Entries supplied below:

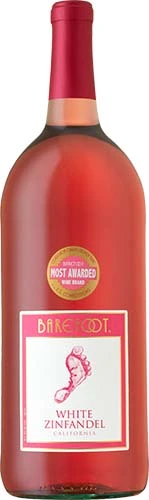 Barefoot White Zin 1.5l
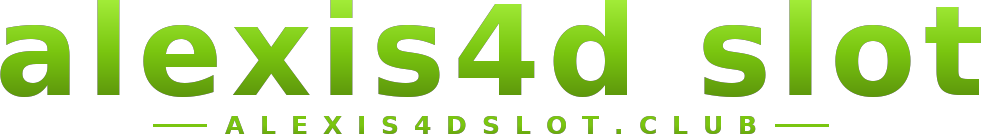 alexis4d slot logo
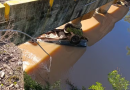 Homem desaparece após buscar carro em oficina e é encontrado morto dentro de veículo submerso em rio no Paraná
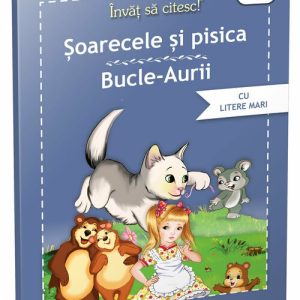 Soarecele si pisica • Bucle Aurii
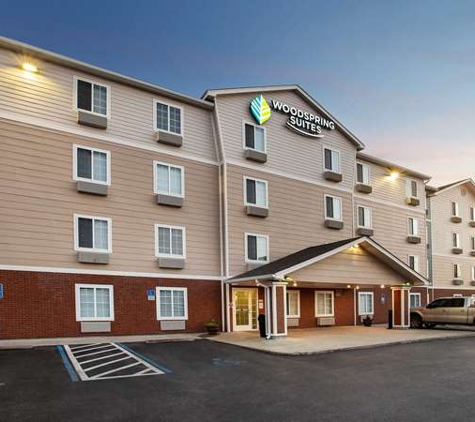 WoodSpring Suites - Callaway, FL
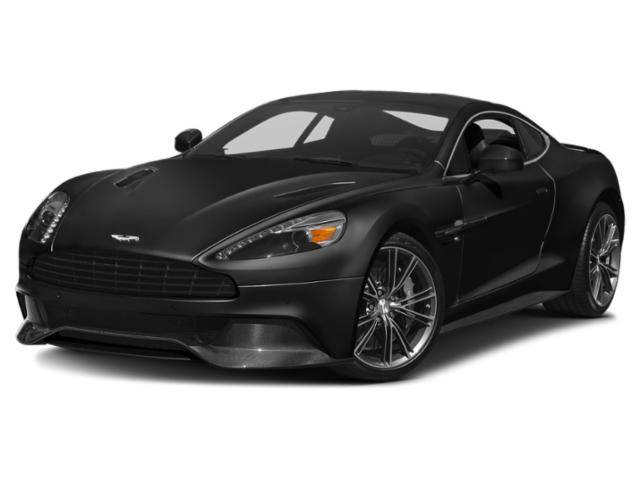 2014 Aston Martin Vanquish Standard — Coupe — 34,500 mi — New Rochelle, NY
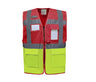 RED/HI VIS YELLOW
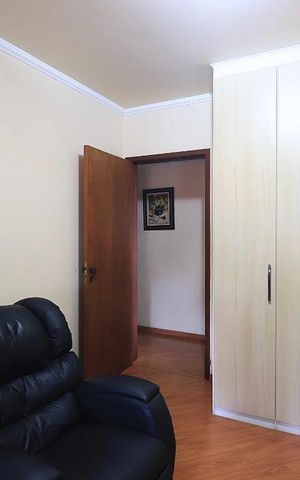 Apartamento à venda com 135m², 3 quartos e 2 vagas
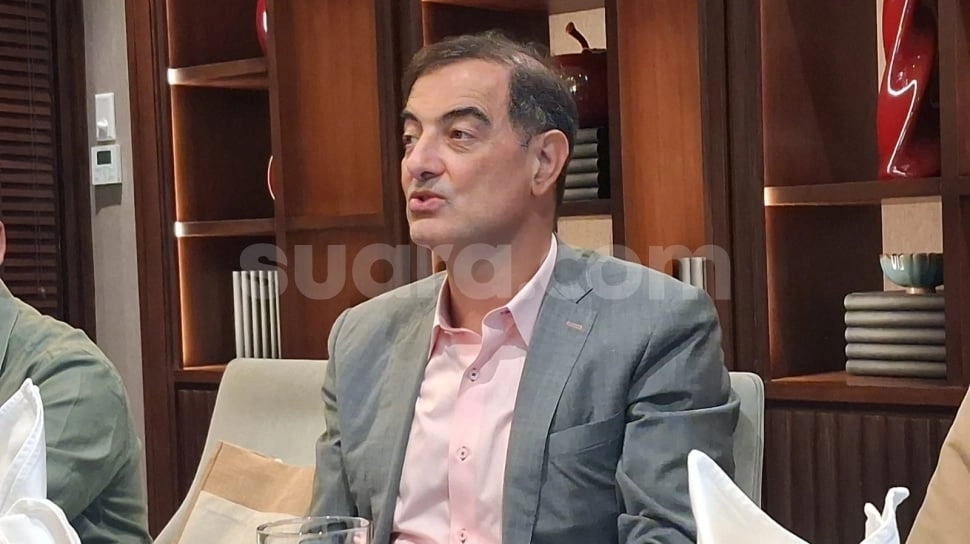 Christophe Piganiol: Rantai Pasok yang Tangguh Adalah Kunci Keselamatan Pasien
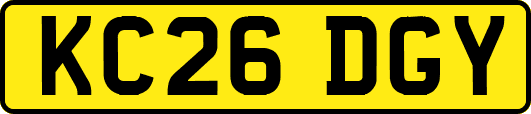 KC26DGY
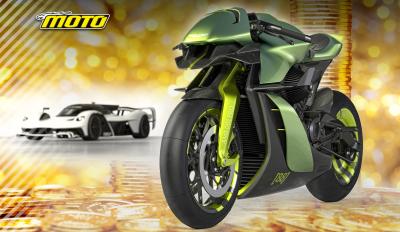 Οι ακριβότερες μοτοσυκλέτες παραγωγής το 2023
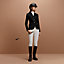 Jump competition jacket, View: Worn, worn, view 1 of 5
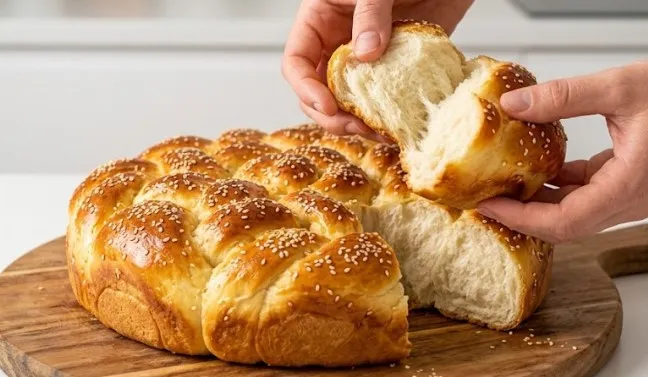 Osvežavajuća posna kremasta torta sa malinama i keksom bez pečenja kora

End of Entries supplied.

Copy the entries above verbatim. Pictures do not belong in the copy.

Reply to the exercise:
 Barefoot White Zin 1.5l
 alexis4d slot logo
 Homem desaparece após buscar carro em oficina e é encontrado morto dentro de veículo submerso em rio no Paraná
 Soarecele si pisica • Bucle Aurii
 WoodSpring Suites - Callaway, FL
 2014 Aston Martin Vanquish Standard — Coupe — 34,500 mi — New Rochelle, NY
 RED/HI VIS YELLOW
 Apartamento à venda com 135m², 3 quartos e 2 vagas
 Christophe Piganiol: Rantai Pasok yang Tangguh Adalah Kunci Keselamatan Pasien
 KC26DGY
 Οι ακριβότερες μοτοσυκλέτες παραγωγής το 2023
 Jump competition jacket, View: Worn, worn, view 1 of 5
 Osvežavajuća posna kremasta torta sa malinama i keksom bez pečenja kora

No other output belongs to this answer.